■ Task goal: Return the listing exactly. Keep no pictures.

■ Data:
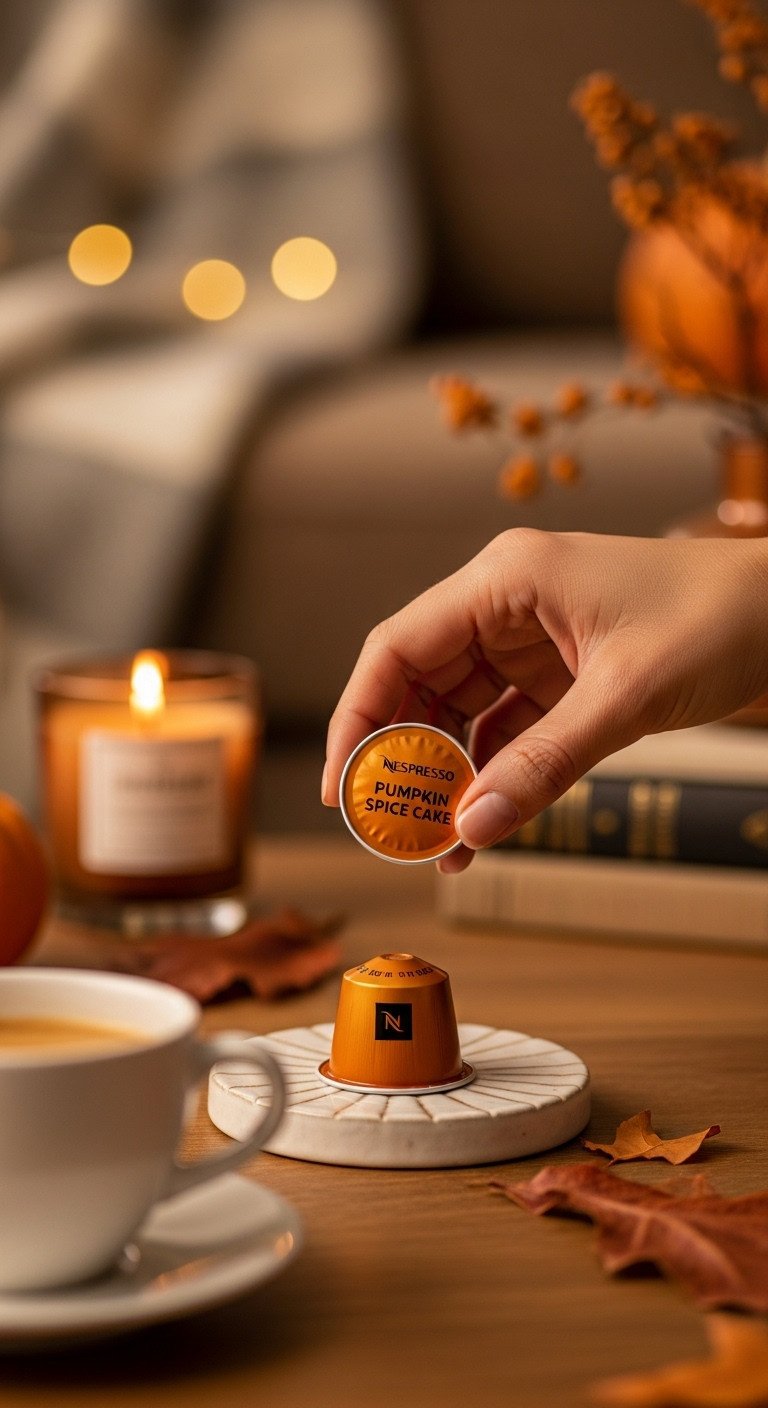 Hand reaching for Nespresso Pumpkin Spice Cake pod on coaster, blurred cozy fall living room; autumn coffee moment.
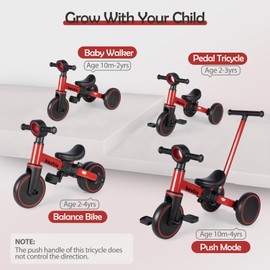 Bautia Kids Tricycle for Toddlers 1-3 with Push Handle, 5 in 1 Baby Balance Bike Toy for 1-4 Years Old Boys Girls Gift with Removable Pedals, Red (No Parent Steering Version)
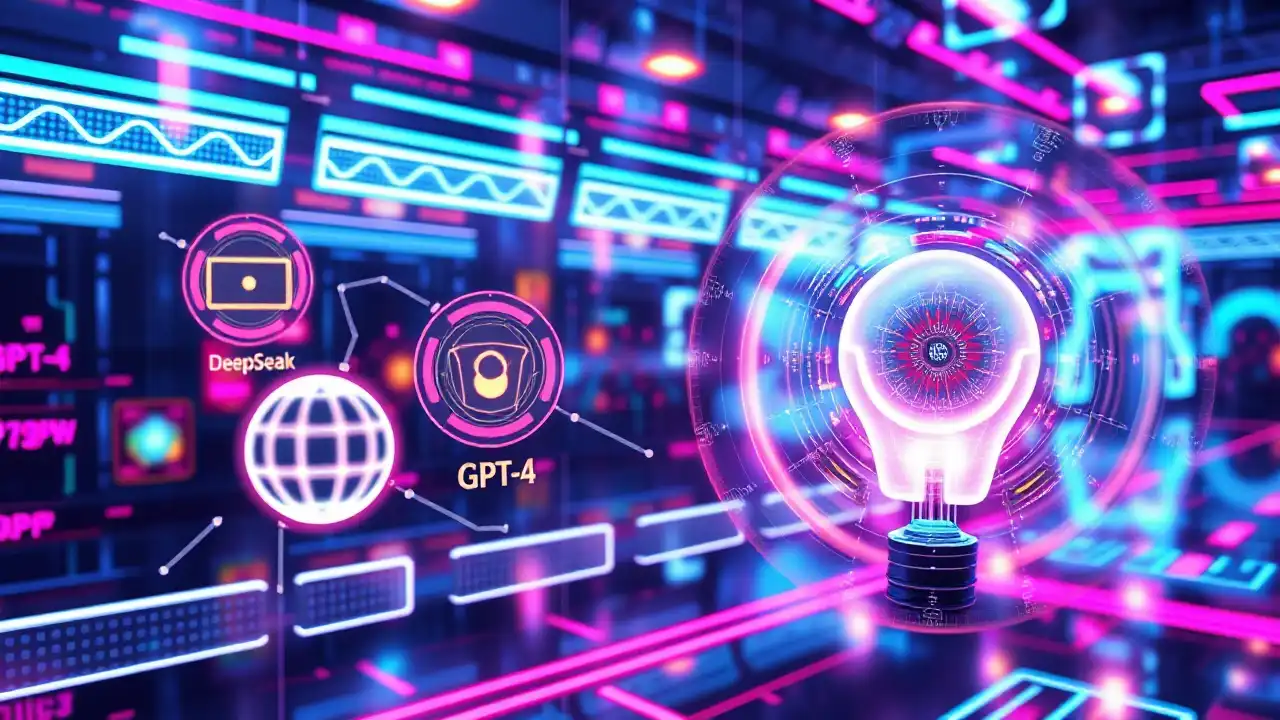 Ilustrasi futuristik yang menampilkan perbandingan model AI terbaru seperti Alibaba Qwen 2.5, DeepSeek, GPT-4, Claude 3.5, dan Google Gemini dalam antarmuka holografik yang canggih.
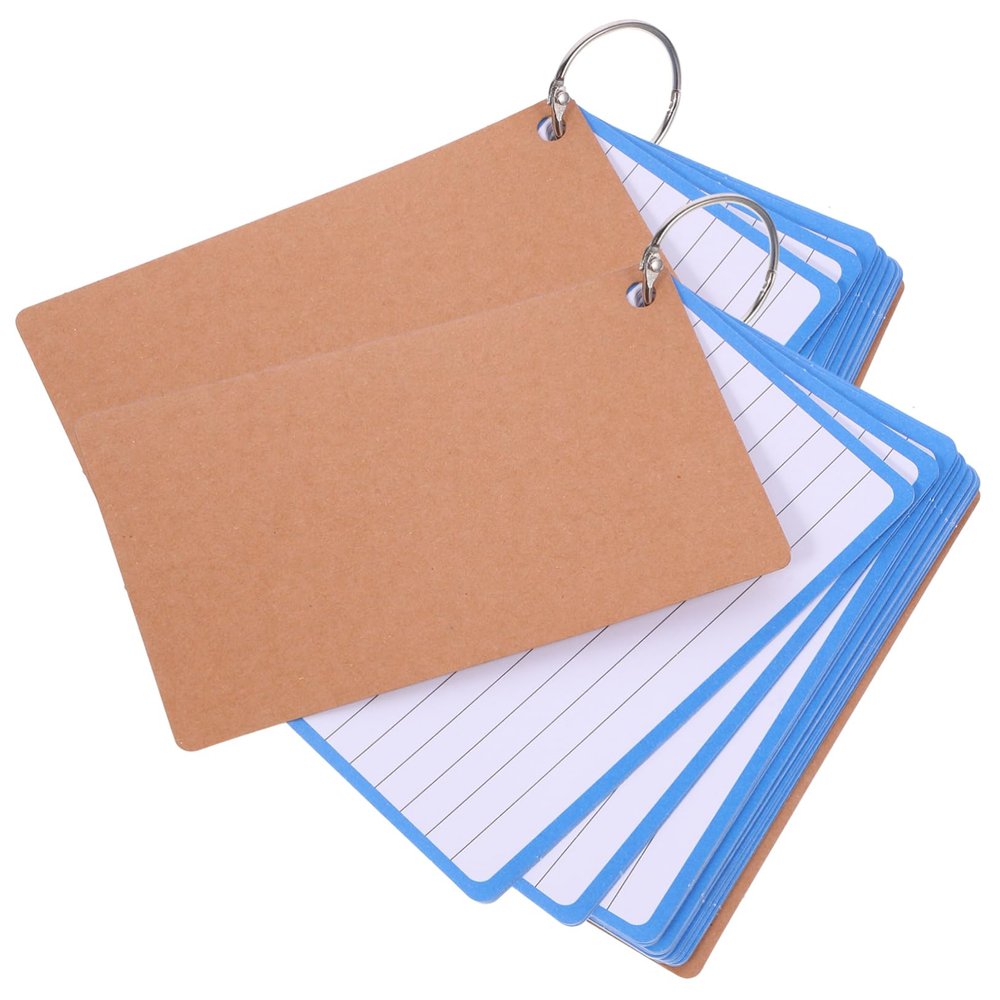 Angoily 120sheets Diy Lined Flashcards with Binder Ring Blank Word Cards for Study Note-taking and Daily Use Smooth Surface for Writing and Creativity for School and Office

■ Written response:
 Hand reaching for Nespresso Pumpkin Spice Cake pod on coaster, blurred cozy fall living room; autumn coffee moment.
 Bautia Kids Tricycle for Toddlers 1-3 with Push Handle, 5 in 1 Baby Balance Bike Toy for 1-4 Years Old Boys Girls Gift with Removable Pedals, Red (No Parent Steering Version)
 Ilustrasi futuristik yang menampilkan perbandingan model AI terbaru seperti Alibaba Qwen 2.5, DeepSeek, GPT-4, Claude 3.5, dan Google Gemini dalam antarmuka holografik yang canggih.
 Angoily 120sheets Diy Lined Flashcards with Binder Ring Blank Word Cards for Study Note-taking and Daily Use Smooth Surface for Writing and Creativity for School and Office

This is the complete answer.